_Task:_ Print the lines below word for word, beginning with the first and ending with the line that holds "Geek Pixel Hearts", and skip every picture.

_Entries provided:_
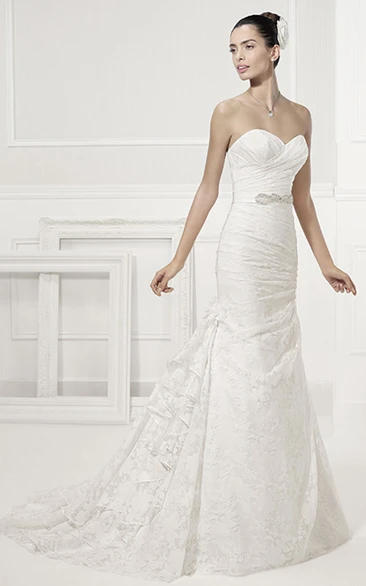 Crystal Waist Sheath Sweetheart Wedding Dress with Layered Lace Skirt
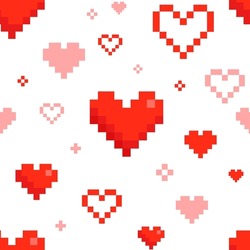 Geek Pixel Hearts For Valentine's Day Seamless Pattern. Pixel Hearts Background In Retro Video Game Style. Vector Template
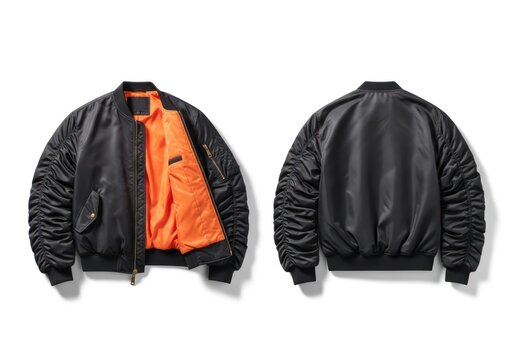 Black bomber jacket displayed with both front and back views against a clean white backdrop showcasing the details of the garment and the bright orange interior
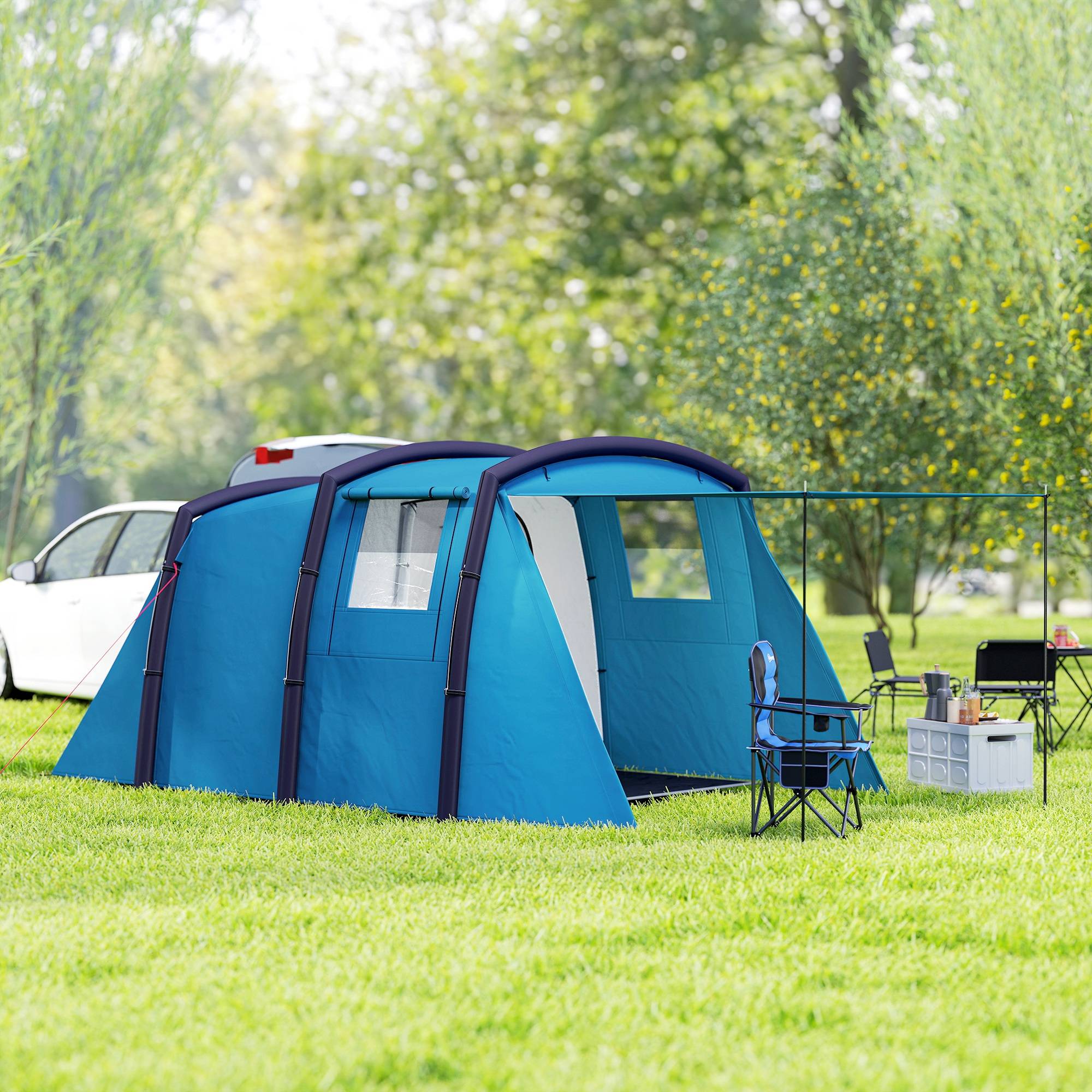 Tente tunnel gonflable pour 3 à 6 personnes avec vestibule, fenêtres en filet et sac de transport étanche (bleu) - Image 4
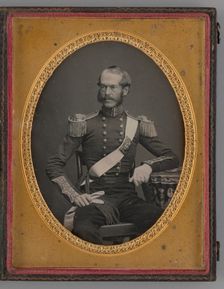 Untitled (Portrait of a Seated Man in Military Uniform), 1858. Creator: Unknown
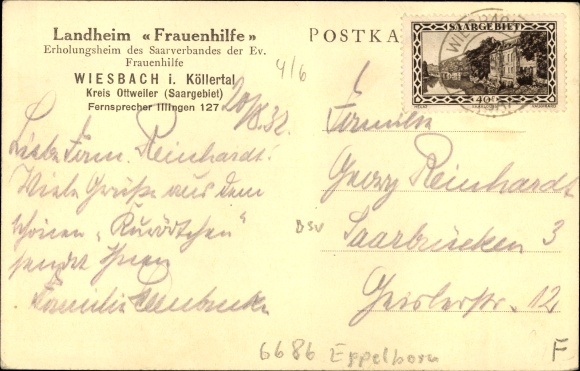 Postcard Wiesbach Eppelborn in Saarland, Landheim Frauenhilfe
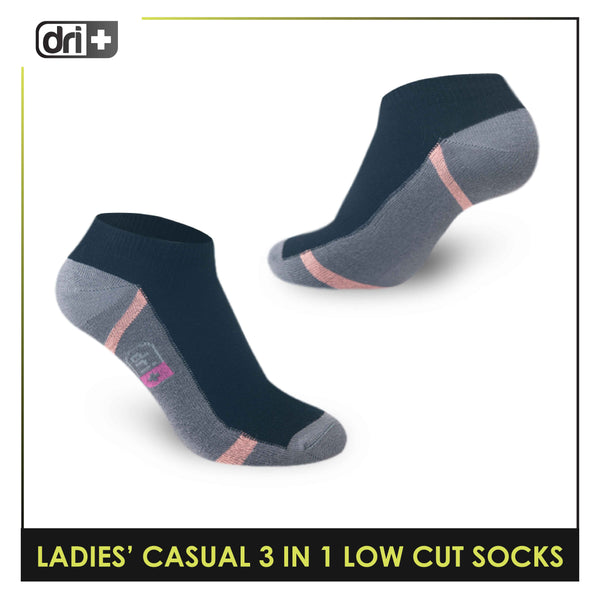 Dri Plus Ladies' Lite Casual Low Cut Socks 3 pairs in a pack DLCKG30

_Result for this exercise:_
 Crystal Waist Sheath Sweetheart Wedding Dress with Layered Lace Skirt
 Geek Pixel Hearts For Valentine's Day Seamless Pattern. Pixel Hearts Background In Retro Video Game Style. Vector Template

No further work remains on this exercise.